MAX: Department of Defense?

LOGAN: You stole that?

MYSTERY MAN (pulling up his pants): It was given to me for a reason. Or do you think I just happened to land a job at the warehouse where they were mothballed after the Pulse...that I just happened to lose control of my forklift, which just happened to knock over the crate it was in? No. That, my friends...is destiny.

(Later, the three are sitting at the dinner table, with the mystery man eating cookies and drinking milk.)

LOGAN: About the hoverdrone you saw...the thing I don’t get is why would the sector police deploy a sophisticated piece of hardware to hunt down ex-cons when a good, old-fashioned death squad would do the job just as well?

MAX: Maybe the cops aren’t the ones behind this.

MYSTERY MAN: Not to be an alarmist here, but can we be certain that these drones aren’t being deployed from some other dimension?

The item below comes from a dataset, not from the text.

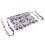 Multi-Function Collecting Apron with 12 Deep Pockets, Machine Washable Egg Gathering Apron for Chicken Duck Goose Eggs, Hands Free Egg Collecting 4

LOGAN: I don’t think we’re dealing with anything quite so esoteric. I’ll talk to my uncle. If the drone is a modified version of one of the company’s designs, a list of customers would probably help narrow the field. In the meantime, we need proof that this thing is actually out there.

MYSTERY MAN: Would photographs be helpful? I got the attack on Benedek right here. (Points to his camera)

LOGAN (to Max): You go with him and get back here with the pictures ASAP.

(At the mystery man’s place, Max waits while he develops the film.)

MYSTERY MAN: So, uh...how old were you when you discovered you had powers?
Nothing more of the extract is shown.